Here is a link to a service manual for you. You probably have an E-47. Download the manual and go to the troubleshooting section

www.meyerproducts.com/service/parts_service.asp


----------



## bfbchief (Mar 14, 2003)

Thanks for posting the manual...I do believe that is the motor.

I did go over to my brothers house to try it again. When I pushed the switch to make the plow go up nothing (motor did not turn on) Plow goes down fine using the up and down switch. Motor works fine going left to right.

Any other ideas?


----------



## slowpoke (Nov 18, 2003)

Use the trouble shooting guide. My guess is that it is in the switch wiring or the switch itself. The up valve works fine if you are able to have it go up when you activate the motor. You can check this out (requires two people) 1 to hold the switch in the up position the 2nd to short the power solinoid to activate the motor.
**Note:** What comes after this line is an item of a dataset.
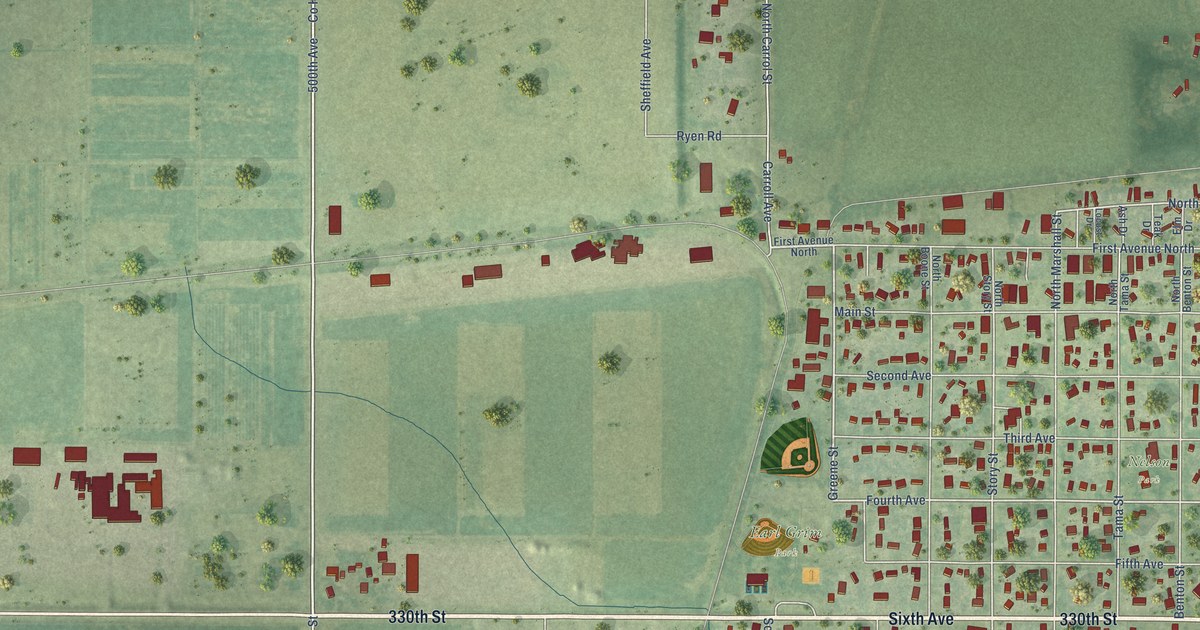 Map of Slater, Iowa in 2026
Concentrate on the switch wiring in the trouble shooting guide


----------



## maintenanceman (Jan 18, 2003)

I found my old wiring diagram for the two seperate switches for Meyers electro_touch units. Your problem should be in the white jumper wires located on the back of your raise lower switch. This wire should tie into the angle switch and run to the selonoid. Check to see if you have 12 volts at the back of the switch on the white wire when you raise the blade. Easiest method is to use a test light. If there is power at the switch the problem should be where this wire attatches to the angle switch. This should be your trouble, as I understand that you say that the blade will raise when operating the angle switch together with the raise switch. I will attatch my wiring diagram for you. If this one doesn't look like yours I do have another older diagram I can attatch. hope this helps.


----------



## bfbchief (Mar 14, 2003)

Thank you VERY much to the both of you. I will check out this white wire over the weekend. Will get back on what I find.

Thanks again
Josh


----------